:: Task details ::
The lines below from the one with "Shepherd In The" up to and including the one with "GIRLANDA OGRODOWA PARTY" are what you should set down, exactly and without pictures.

=== Supplied records ===

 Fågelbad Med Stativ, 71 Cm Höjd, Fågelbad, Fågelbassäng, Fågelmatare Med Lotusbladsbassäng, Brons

===
=== Supplied records ===

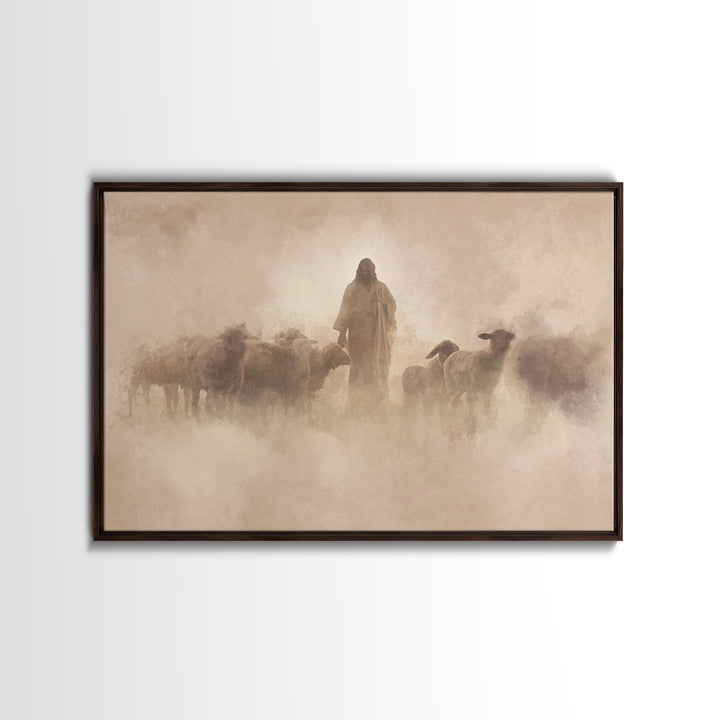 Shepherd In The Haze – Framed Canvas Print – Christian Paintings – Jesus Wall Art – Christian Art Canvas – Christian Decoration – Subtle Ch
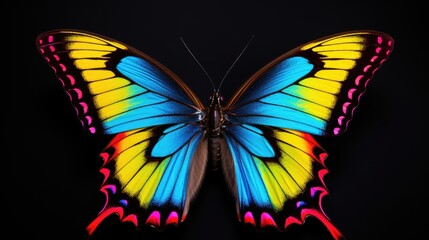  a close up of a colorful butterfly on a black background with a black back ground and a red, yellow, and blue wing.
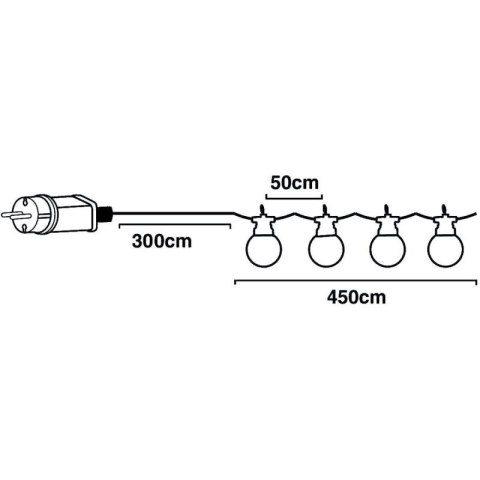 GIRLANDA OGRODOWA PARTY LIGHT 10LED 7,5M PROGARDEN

===
=== Supplied records ===

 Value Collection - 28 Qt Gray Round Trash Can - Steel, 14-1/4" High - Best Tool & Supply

===

:: Task solution ::
 Shepherd In The Haze – Framed Canvas Print – Christian Paintings – Jesus Wall Art – Christian Art Canvas – Christian Decoration – Subtle Ch
  a close up of a colorful butterfly on a black background with a black back ground and a red, yellow, and blue wing.
 GIRLANDA OGRODOWA PARTY LIGHT 10LED 7,5M PROGARDEN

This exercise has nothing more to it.